Collins v. The City Of New York. et al
Filing
72
MEMORANDUM AND ORDER: Defendants move to compel the production of documents, and plaintiff moves for a protective order. I heard oral argument on May 24, 2012. For the reasons stated in the attached Memorandum and Order, defendants' motion is granted in part and denied in part. Ordered by Magistrate Judge Robert M. Levy on 7/23/2012. See attached M&O for details. (Marino, Janine)
UNITED STATES DISTRICT COURT
EASTERN DISTRICT OF NEW YORK
----------------------------------------------------------X
JABBAR COLLINS,
Plaintiff,
MEMORANDUM
AND ORDER
-againstTHE CITY OF NEW YORK, et al.,
11 CV 766 (FB)(RML)
Defendants.
----------------------------------------------------------X
LEVY, United States Magistrate Judge:
Defendants move to compel the production of documents, and plaintiff moves for
a protective order. I heard oral argument on May 24, 2012. (See Transcript of Oral Argument,
dated May 24, 2012 (“Tr.”).) For the reasons stated below, defendants’ motion is granted in part
and denied in part.1
BACKGROUND
Plaintiff Jabbar Collins (“plaintiff” or “Collins”) commenced this civil action in
February 2011. The 106-page complaint seeks damages for wrongful arrest, prosecution,
conviction, and imprisonment. (See generally Complaint, dated Feb. 15, 2011 (“Compl.”).)
On June 8, 2010, the Honorable Dora L. Irizarry, United States District Judge,
with the consent of all parties, vacated plaintiff’s 1995 murder conviction and ordered the
indictment dismissed with prejudice, based on evidence that prosecutors in the Brooklyn District
Attorney’s office had wrongfully withheld a key witness’s recantation. (See Final Judgment
1
Defendants have submitted for in camera review a detailed summary of IAB complaints
with respect to defendant Detective Jose Hernandez. I will address that submission in a separate
order. I also note that defendants’ motion to dismiss is pending before Judge Block, and as a
consequence, I have stayed discovery concerning the District Attorney and employees of the
District Attorney’s office, as well as Monell discovery. (See Order, dated Mar. 5, 2012.)
Order in 08 CV 1359 (DLI)(CLP), dated June 8, 2010 (“Final Judgment Order”).) The criminal
case against Collins arose out of the February 1994 shooting death of Abraham Pollack, a rabbi
and the landlord of a residential building in Williamsburg, Brooklyn. The recanting witness was
Edwin Oliva, who made a statement to police2 in March 1994 (when he was arrested for an
armed robbery that had occurred two days earlier, in the building Pollack owned and where he
was shot and killed) and later testified before the grand jury and at Collins’s criminal trial. The
police used Oliva’s March 1994 statement to arrest plaintiff and initiate criminal proceedings
against him. According to plaintiff, Oliva’s statement was coerced, and his cooperation earned
him protective custody, low bail, and a lenient plea bargain. (See Compl. ¶¶ 60, 62.)
It is undisputed that approximately two months prior to Collins’s criminal trial,
defendant Vincent Gerecitano, an N.Y.P.D. detective, received a telephone call from someone in
the Brooklyn District Attorney’s office advising that Oliva was denying making the March 1994
statement to police and was denying the truth of the statement. (See Final Judgment Order.)
Because Oliva’s pre-trial statements constituted Brady material that had not been disclosed to
Collins, the City consented to granting the writ of habeas corpus before Judge Irizarry.
According to defendants, Detective Gerecitano later met with Oliva at the D.A.’s office, after
which Oliva admitted that he made the statement and that it was true. (See Letter of Arthur G.

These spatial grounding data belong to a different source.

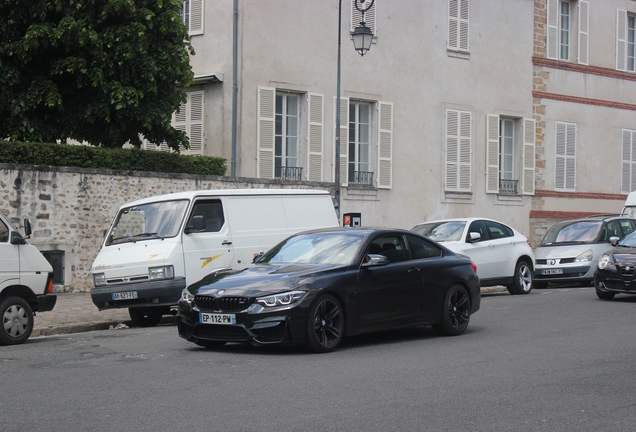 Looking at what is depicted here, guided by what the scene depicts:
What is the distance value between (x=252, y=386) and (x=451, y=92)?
22.8 metres

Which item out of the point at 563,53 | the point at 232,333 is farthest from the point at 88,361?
the point at 563,53

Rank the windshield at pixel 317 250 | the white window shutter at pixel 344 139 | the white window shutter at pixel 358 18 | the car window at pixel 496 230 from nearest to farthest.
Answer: the windshield at pixel 317 250, the car window at pixel 496 230, the white window shutter at pixel 344 139, the white window shutter at pixel 358 18

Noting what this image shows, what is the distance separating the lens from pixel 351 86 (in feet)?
89.5

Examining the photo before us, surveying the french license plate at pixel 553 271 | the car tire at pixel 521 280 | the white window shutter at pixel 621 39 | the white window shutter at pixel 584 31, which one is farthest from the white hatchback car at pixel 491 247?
the white window shutter at pixel 621 39

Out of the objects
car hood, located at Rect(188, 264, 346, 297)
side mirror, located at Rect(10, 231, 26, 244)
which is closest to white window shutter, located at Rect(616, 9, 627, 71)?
car hood, located at Rect(188, 264, 346, 297)

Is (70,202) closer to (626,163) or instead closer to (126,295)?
(126,295)

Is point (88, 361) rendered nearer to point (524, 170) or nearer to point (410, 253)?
point (410, 253)

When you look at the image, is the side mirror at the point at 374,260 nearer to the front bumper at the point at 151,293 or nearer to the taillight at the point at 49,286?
the front bumper at the point at 151,293

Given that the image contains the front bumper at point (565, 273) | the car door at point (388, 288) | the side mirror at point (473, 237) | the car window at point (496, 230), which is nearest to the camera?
the car door at point (388, 288)

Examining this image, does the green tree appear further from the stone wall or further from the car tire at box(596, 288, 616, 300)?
the car tire at box(596, 288, 616, 300)

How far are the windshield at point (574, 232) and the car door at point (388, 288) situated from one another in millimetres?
12212

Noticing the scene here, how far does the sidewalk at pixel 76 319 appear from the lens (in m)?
14.2

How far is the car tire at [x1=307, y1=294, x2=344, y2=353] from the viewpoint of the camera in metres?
10.4

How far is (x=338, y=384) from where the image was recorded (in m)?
8.51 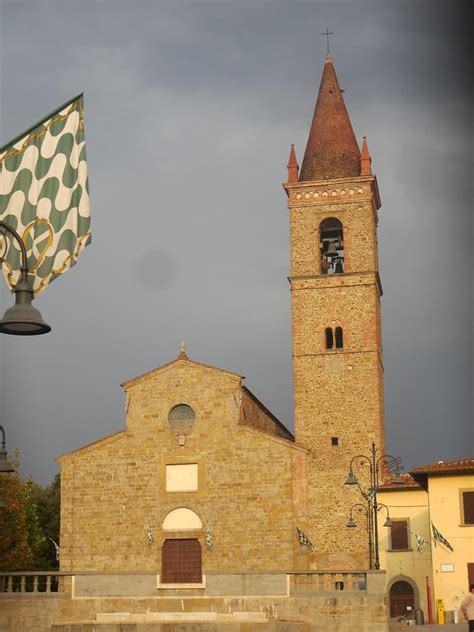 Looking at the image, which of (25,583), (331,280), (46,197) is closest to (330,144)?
(331,280)

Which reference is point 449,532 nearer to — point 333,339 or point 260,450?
point 260,450

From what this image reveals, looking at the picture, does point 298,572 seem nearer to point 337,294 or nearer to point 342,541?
point 342,541

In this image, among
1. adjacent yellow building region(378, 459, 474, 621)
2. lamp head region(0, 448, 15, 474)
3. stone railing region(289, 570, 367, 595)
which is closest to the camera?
lamp head region(0, 448, 15, 474)

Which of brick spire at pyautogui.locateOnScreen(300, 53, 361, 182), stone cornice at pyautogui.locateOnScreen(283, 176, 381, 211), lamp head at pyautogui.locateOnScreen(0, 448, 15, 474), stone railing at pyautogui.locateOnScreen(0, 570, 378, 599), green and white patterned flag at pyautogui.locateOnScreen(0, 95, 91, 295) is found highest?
brick spire at pyautogui.locateOnScreen(300, 53, 361, 182)

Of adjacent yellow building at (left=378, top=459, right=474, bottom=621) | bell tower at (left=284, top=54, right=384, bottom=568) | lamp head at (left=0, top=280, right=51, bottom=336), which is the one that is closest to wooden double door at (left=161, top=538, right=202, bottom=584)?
bell tower at (left=284, top=54, right=384, bottom=568)

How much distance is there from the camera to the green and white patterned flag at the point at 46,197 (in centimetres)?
875

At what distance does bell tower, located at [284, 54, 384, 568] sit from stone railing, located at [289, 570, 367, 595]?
503 cm

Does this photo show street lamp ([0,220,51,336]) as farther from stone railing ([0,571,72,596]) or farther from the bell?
the bell

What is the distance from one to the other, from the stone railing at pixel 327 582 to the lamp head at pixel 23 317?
20343 millimetres

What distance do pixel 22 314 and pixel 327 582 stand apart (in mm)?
23923

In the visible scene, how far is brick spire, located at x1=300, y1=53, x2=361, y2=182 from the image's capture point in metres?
40.2

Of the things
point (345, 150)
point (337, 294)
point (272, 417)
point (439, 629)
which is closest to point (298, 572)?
point (439, 629)

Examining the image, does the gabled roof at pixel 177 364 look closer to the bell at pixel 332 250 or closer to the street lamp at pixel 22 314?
the bell at pixel 332 250

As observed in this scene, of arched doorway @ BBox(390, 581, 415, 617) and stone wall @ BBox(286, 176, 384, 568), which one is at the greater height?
stone wall @ BBox(286, 176, 384, 568) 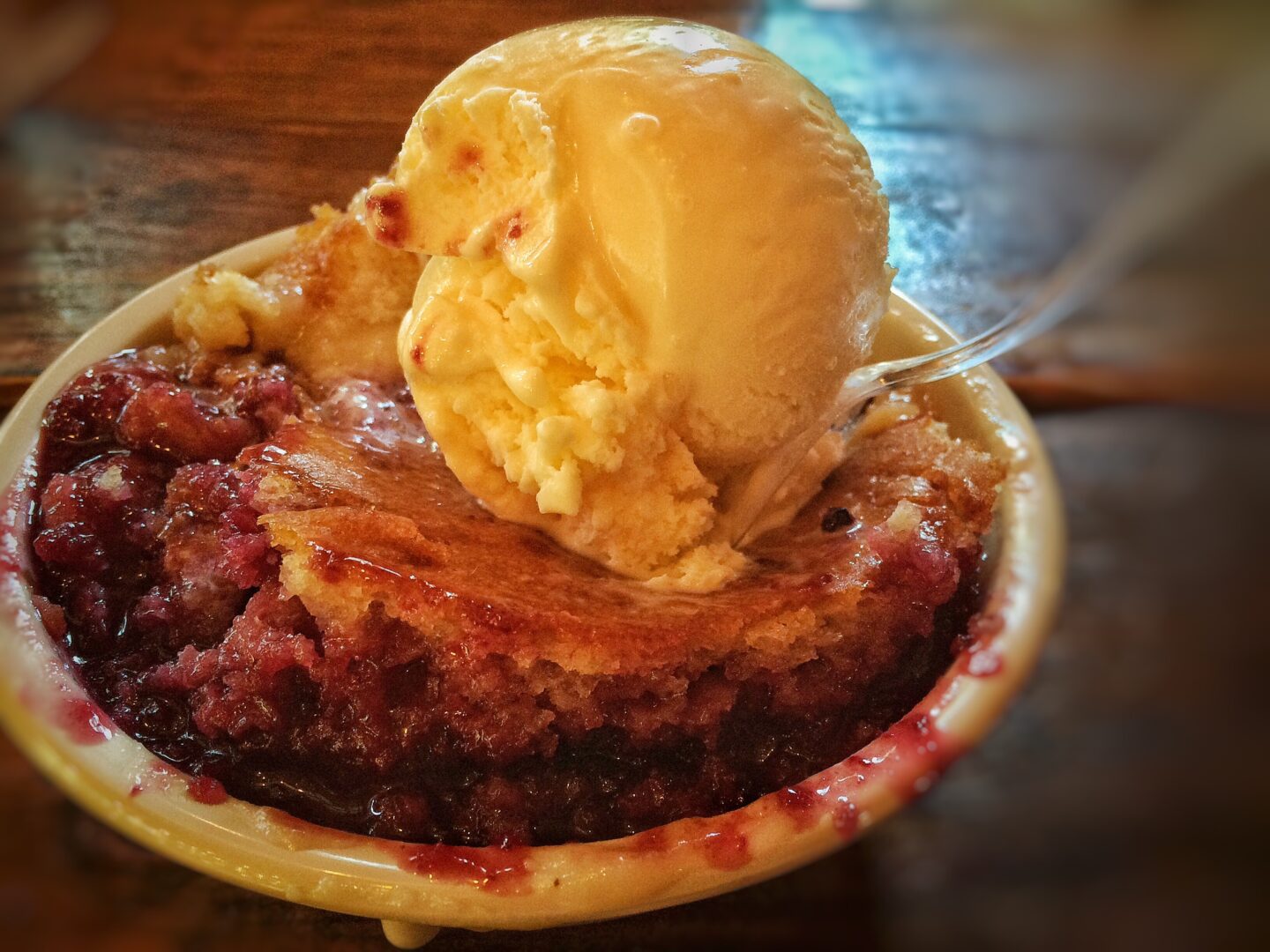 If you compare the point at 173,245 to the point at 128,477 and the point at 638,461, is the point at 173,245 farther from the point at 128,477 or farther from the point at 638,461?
the point at 638,461

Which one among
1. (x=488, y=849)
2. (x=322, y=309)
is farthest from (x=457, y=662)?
(x=322, y=309)

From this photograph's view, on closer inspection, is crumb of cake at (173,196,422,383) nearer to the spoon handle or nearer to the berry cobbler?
the berry cobbler

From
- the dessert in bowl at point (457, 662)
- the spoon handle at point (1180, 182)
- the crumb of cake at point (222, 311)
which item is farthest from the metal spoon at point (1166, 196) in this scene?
the crumb of cake at point (222, 311)

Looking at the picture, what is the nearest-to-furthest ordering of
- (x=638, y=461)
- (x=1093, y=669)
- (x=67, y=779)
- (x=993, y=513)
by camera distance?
(x=1093, y=669)
(x=67, y=779)
(x=638, y=461)
(x=993, y=513)

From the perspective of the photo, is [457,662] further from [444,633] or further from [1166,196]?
[1166,196]

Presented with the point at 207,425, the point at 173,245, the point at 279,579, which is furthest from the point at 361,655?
the point at 173,245

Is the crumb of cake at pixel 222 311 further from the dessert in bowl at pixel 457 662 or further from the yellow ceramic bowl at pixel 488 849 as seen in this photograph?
the yellow ceramic bowl at pixel 488 849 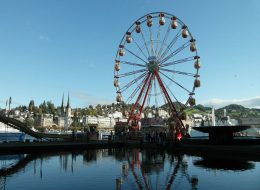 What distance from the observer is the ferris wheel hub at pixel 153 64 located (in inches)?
2031

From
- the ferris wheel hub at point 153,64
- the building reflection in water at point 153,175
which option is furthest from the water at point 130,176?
the ferris wheel hub at point 153,64

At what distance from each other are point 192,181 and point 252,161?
11418 mm

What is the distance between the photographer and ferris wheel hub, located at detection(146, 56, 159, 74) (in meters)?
51.6

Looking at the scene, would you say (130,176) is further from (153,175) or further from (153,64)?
(153,64)

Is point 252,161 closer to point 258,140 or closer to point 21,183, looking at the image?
point 258,140

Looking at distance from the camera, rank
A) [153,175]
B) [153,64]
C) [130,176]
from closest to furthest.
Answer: [130,176] → [153,175] → [153,64]

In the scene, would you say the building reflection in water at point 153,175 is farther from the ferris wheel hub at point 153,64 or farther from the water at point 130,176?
the ferris wheel hub at point 153,64

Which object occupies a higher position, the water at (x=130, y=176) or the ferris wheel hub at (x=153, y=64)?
the ferris wheel hub at (x=153, y=64)

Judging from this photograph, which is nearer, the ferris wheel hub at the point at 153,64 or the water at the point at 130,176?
the water at the point at 130,176

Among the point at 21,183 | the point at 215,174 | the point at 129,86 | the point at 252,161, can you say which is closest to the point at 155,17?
the point at 129,86

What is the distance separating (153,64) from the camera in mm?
51844

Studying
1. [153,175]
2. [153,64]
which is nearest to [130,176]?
[153,175]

Larkin, Esq., dated Mar. 27, 2012 (“Larkin Ltr.”), at 2, Ex. D.)
The other witness who figures in defendants’ motion is Angel Santos, who also
2
In the statement, Oliva said that he had overheard Collins (whom he had known for at
least ten years) planning to rob Pollack with a man named Charlie Glover, who lived with
Oliva’s wife’s sister in Pollack’s building. (See Letter of Arthur G. Larkin, Esq., dated Mar. 27,
2012, Ex. E.)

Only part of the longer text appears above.